= On the Method of Dealing with the Rebellious Peoples of Valdichiana =

1503 work by Niccolò Machiavelli

On the method of dealing with the Rebellious Peoples of Valdichiana (Del modo di trattare i popoli della Valdichiana ribellati) is a 1503 work by Niccolò Machiavelli.

A short excerpt in English may be found in Allan Gilbert's Machiavelli Volume One.

At the onset of Machiavelli's secretarial career, the territories under Florentine control were in active sedition, and he personally witnessed uprisings erupt in Pistoia, Arezzo, and the Valdichiana region. In 1503, one year after his missions to Cesare Borgia, Machiavelli wrote a short work, Del modo di trattare i sudditi della Valdichiana ribellati (On the Way to Deal with the Rebel Subjects of the Valdichiana). He wrote about this experience in the treatise, and it is said by Corrado Vivanti to anticipate his later Discourses in structure and approach. This work draws directly from a passage in Livy to recommend that Florence adopt a course of action modeled on the conduct of the Roman Republic.

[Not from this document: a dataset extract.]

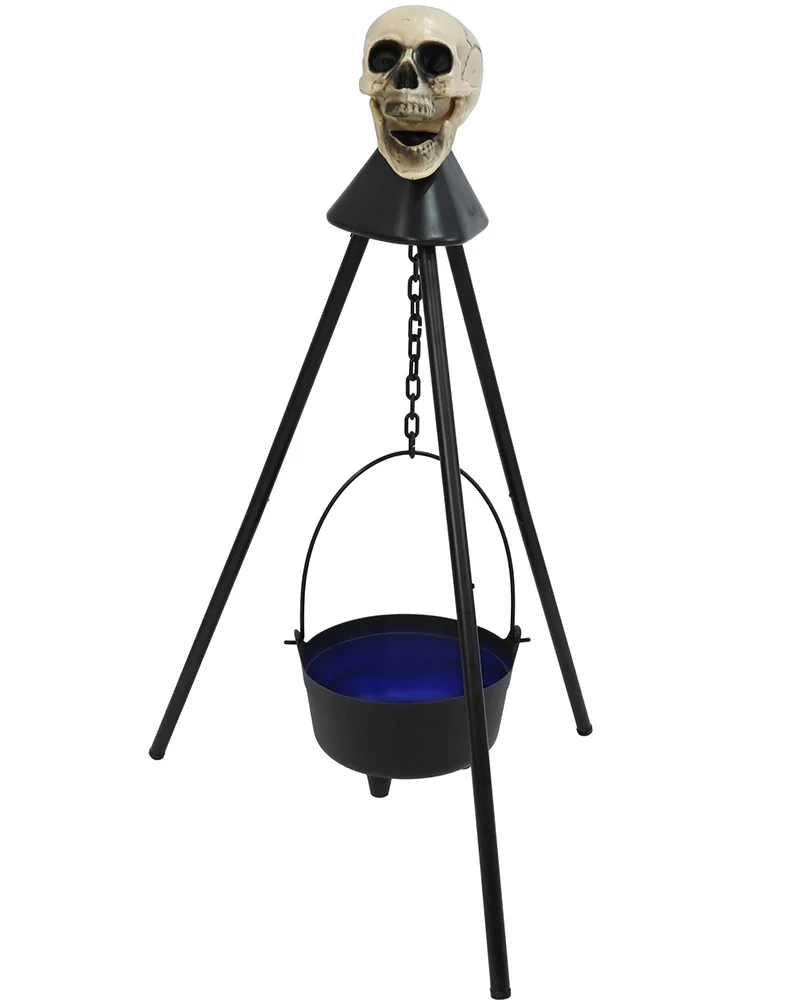 Skull Hanging Cauldron Animated Decoration 1m - Image 2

In this work, he contrasts the errors of the Republic of Florence with the wisdom of the Ancient Romans. Machiavelli declares that when dealing with rebellious peoples, such as in Valdichiana, the ruler must either placate them or eliminate them. Scholars have taken interest in this piece primarily because it marks the earliest instance of political commentary within Machiavelli's overall body of work.

Machiavelli also witnessed the bloody vengeance taken by Borgia on his mutinous captains at the town of Sinigaglia (December 31, 1502), later writing a famous account. In much of his early writings, Machiavelli argues that “one should not offend a prince and later put faith in him.”